Latency Percentile and TurboWrite Cache Testing

Latency Percentile

For this article, I'm going to put a bit of a twist on our Latency Distribution and Latency Percentile testing. In order to better approximate actual consumer usage, I will be intentionally pacing the test at a 50% duty cycle. This should give us random write results closer to what typical users will actually see, and the majority of the latency results should result from writes to the SLC area of these caching SLC/TLC hybrid solutions.

The four results include a first pair, in which the 120GB and 250GB 750 EVO saw a 100 second continuous 4k random run at QD=4. The second two results are of the same pair of SSDs seeing the exact same workload, but at a 50% duty cycle. This means the workload ceased every two seconds, giving the SSD two seconds of idle time between pulses.

It's interesting to note that in both cases, all capacities of the 750 EVO perform in an extremely tight latency band at QD=4. I had originally expected the 50% duty cycle to yield more of a different result, but as it turns out, QD=4 was not high enough to saturate the TurboWrite buffer over the 100 second continuous test run, making the results for both test cases nearly identical. We did note an additional cluster of ~100 total IOs falling at the ~100 microsecond mark in the intermittent run, but that can easily be explained as the first IO of each two second burst, which saw the 750 coming out of what was previously an idle state (where it was likely emptying its SLC buffer into TLC). To demonstrate just how tight the latencies are here, take a look at the percentiles:

Such a tight band across two different conditions and two different capacities is mighty impressive. To give this some additional perspective, lets add some preliminary results from a pair of other competing low cost SSDs into the mix:

What we see here are a few things (after noting that I had to increase the range on the chart by another 10x to include the slower results). First, the OCZ Trion SSDs both run out of cache at different percentages of the 100 second run (~22% for the Trion 100 and ~73% for the Trion 150). We also see that the SLC latency of the Trion SSDs is much greater (~47 us) than the 750 EVO (~27 us, or 1.7x faster response per IO). These latencies taper off to far greater figures as the Trion Series products fill their cache and transition to TLC writing. Once this happens, the performance gap increases to a range of 5x – 13x for that fraction of writes going to TLC on the Trions. Note from the legend that IOPS are similar across all of the models / situations tested, but the latency of those IOs is what really dictates how SSDs 'feel' in actual use.

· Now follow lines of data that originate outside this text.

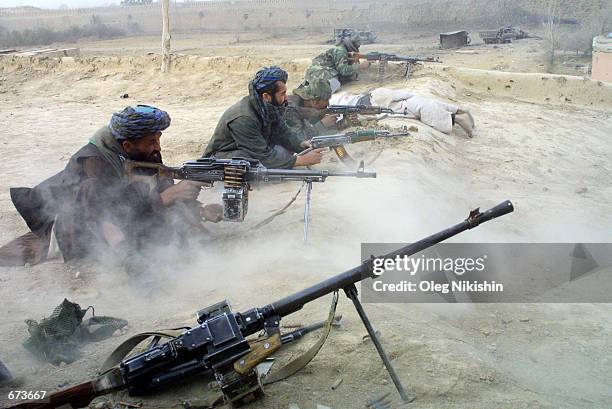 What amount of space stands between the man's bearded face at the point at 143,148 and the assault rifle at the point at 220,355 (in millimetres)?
2095

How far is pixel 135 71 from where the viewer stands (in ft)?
46.2

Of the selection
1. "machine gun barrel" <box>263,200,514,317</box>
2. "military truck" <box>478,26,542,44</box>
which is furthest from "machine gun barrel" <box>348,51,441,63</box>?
"military truck" <box>478,26,542,44</box>

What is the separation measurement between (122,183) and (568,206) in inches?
200

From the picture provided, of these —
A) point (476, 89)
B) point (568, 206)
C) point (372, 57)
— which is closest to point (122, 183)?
point (568, 206)

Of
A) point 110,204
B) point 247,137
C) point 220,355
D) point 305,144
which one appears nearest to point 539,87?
point 305,144

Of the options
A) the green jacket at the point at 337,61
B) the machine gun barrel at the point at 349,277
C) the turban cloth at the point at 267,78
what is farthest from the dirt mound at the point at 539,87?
the machine gun barrel at the point at 349,277

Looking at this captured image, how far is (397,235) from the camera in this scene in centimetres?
503

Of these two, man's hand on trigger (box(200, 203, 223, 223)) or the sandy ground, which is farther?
man's hand on trigger (box(200, 203, 223, 223))

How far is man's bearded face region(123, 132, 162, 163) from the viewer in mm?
4258

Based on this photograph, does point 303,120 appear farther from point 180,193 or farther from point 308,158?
point 180,193

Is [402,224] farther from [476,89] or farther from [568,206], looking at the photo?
[476,89] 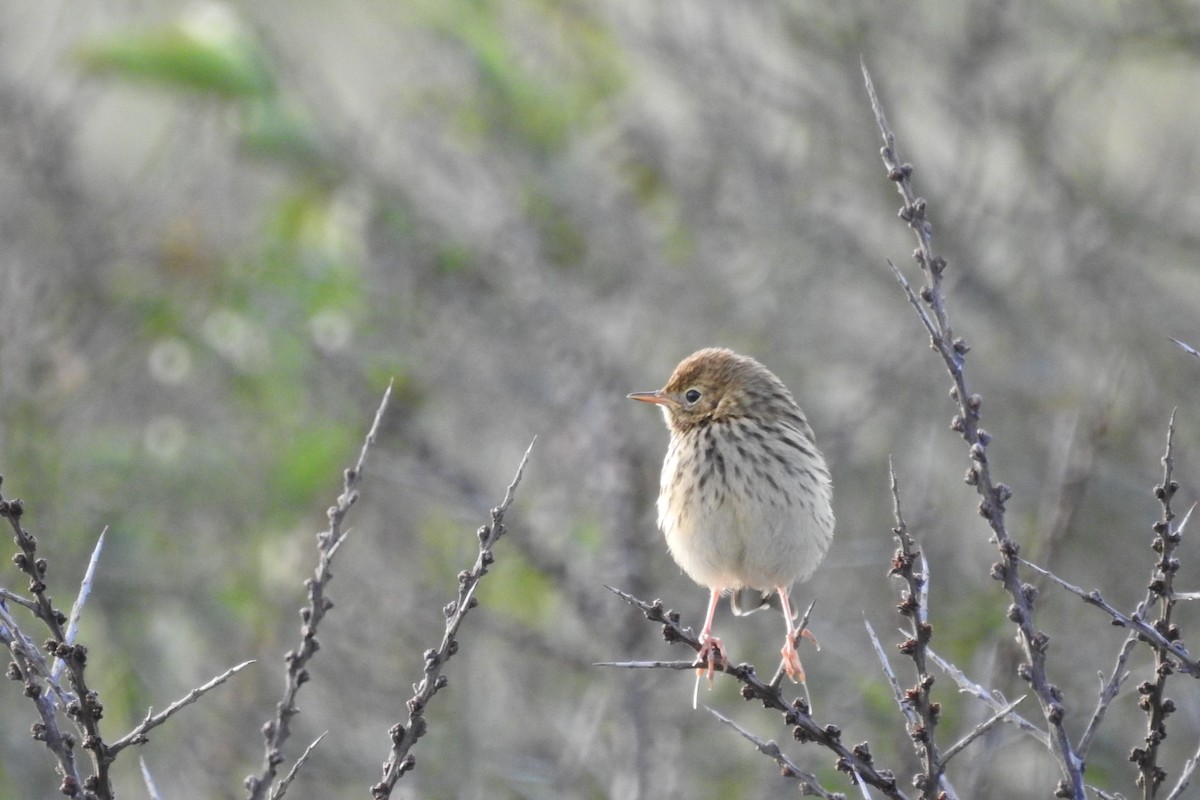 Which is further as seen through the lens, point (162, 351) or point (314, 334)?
point (162, 351)

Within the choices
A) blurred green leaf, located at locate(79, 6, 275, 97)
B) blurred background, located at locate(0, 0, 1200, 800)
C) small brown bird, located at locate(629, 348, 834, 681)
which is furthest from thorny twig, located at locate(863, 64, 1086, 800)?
blurred green leaf, located at locate(79, 6, 275, 97)

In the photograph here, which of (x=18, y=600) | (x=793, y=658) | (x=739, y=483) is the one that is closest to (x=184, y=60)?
(x=739, y=483)

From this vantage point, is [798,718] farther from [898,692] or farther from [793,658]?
[793,658]

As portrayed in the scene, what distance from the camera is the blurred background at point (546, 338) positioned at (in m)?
7.80

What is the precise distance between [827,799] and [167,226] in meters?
7.59

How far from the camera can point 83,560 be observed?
8.27 meters

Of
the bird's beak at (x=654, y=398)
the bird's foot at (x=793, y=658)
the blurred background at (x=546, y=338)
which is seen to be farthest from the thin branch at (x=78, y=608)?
the blurred background at (x=546, y=338)

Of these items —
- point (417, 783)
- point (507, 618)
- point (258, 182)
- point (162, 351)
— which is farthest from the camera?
point (258, 182)

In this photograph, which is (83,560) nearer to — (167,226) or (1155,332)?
(167,226)

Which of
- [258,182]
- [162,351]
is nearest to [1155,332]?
[162,351]

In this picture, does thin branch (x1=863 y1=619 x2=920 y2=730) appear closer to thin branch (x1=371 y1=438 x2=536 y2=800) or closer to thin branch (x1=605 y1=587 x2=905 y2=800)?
thin branch (x1=605 y1=587 x2=905 y2=800)

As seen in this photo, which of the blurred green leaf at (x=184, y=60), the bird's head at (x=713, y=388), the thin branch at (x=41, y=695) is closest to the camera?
the thin branch at (x=41, y=695)

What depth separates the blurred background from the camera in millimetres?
7805

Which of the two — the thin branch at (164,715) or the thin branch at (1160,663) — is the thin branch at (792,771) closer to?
the thin branch at (1160,663) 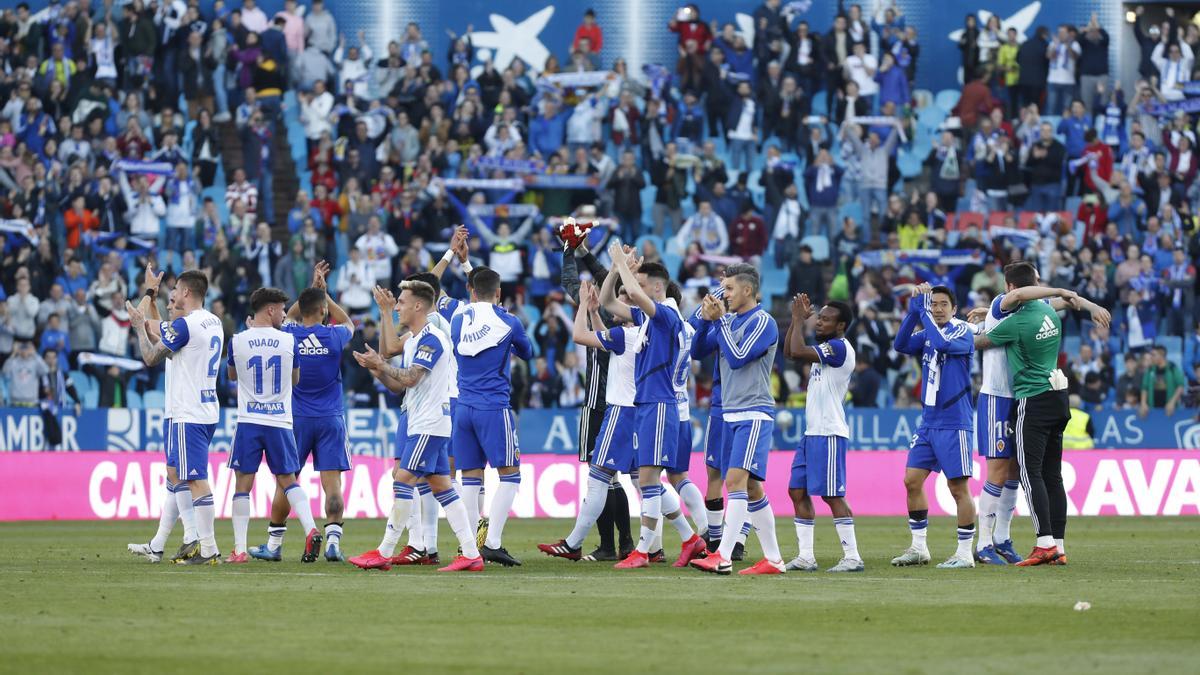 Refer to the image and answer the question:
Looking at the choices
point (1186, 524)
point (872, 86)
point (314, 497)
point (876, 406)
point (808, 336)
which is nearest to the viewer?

As you can see, with proper context, the previously boring and tightly packed 750 EVO results can show a bit more perspective on just how good they actually are.

Cache Testing

Now lets wrap this up with a quick check on sequential copies to the 750 EVO from a fast source:

120GB:

250GB:

Apologies for the overlapping window inadvertently captured in that last one. The test file here was ~4GB, and we can see the obvious drop from SLC speed down to TLC speed, which takes place at the 3GB mark at both capacities. That slower sustained write speed comes out to 133 MB/s and 211 MB/s when tested within Windows (note: the Windows write cache is disabled for this test, so sustained speeds are a tad higher in real use). These are a bit shy of the original sustained ratings of the 850 EVO, but we suspect some additional care is being taken during writes as a means to correct the slow down issue originally present in the 840 EVO.